1982年2月21日 神戸教会礼拝
「牧会祈祷」原稿
(神戸教会牧師4年、健作さん48歳)
天の父なる神
あなたは主イエスによって、み顔の光の中に我らをおき給ひました。
主イエスは、この世の闇のきわみで、そこで責任をとり、十字架の死にきわまる生涯を送られ、その全てのわざを通して、あなたの栄光を示されました。そのことを覚え、み名を讃美いたします。
今、私どもは、一週間の生活を終え、み前に来し方を省み、心に抱いたこと、また、口のわざ、手のわざ、あるいは何もなさざりし故に犯せしとがを覚え、み前に懺悔いたします。
私どもは、聖書が原罪と呼んでおりますように、自分の過ちや意志ではなく、存在することが人を踏みにじっているような社会と歴史の構造の中での罪を負っています。主イエスのとりなしの故に、赦しを切にお願いいたします。
歴史の主なる神、主はこの世界に富める国と民族、そして一方に、貧しき国と民族、また階層のあることをご存じです。聖書に示された神は、出エジプトにおいて、バビロニア捕囚において苦難の民の側に立たれ、そこに深い意義を示し、解放をお与えになりました。今、私どもの民族は、富める国のうちにあります。このことの故に驕ることなきよう、自らの歩みを正していくことを得させて下さい。私どもを、それぞれは人生の苦難の経験を与えられていますが、それに照らして歴史の中で苦難を経験する民族や人々に通じる心を持つことを得させて下さい。
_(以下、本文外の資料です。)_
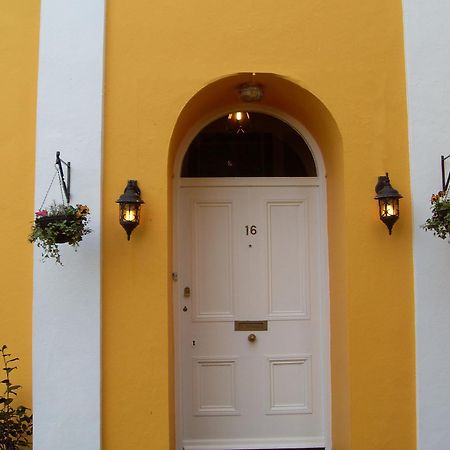Heathcliff House B&B Exclusively For Adults Free Large Carpark Torquay Extérieur photo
父なる神、教会暦の上では、この24日(水)には四旬節(レント)を迎えます。主イエスが40日荒野で試みにあわれたことを覚えて、この日々を備えの時として、受難週と復活祭を迎えることができますように。
生と死の全てをみそなわす、いのちの主よ
過日、私どもは教会の肢である桜井いし姉妹をみ許におくりました。主の守りのうちに、みたねに相応しい生涯を送り、年老い、寝たきりのままでありながら、多くの人々の介護を受けつつ、よきあなたの証し人であったことを感謝いたします。遺族の上にあなたの慰めがあり、また姉妹の信仰が遺族の中に継承されますようにお導き下さい。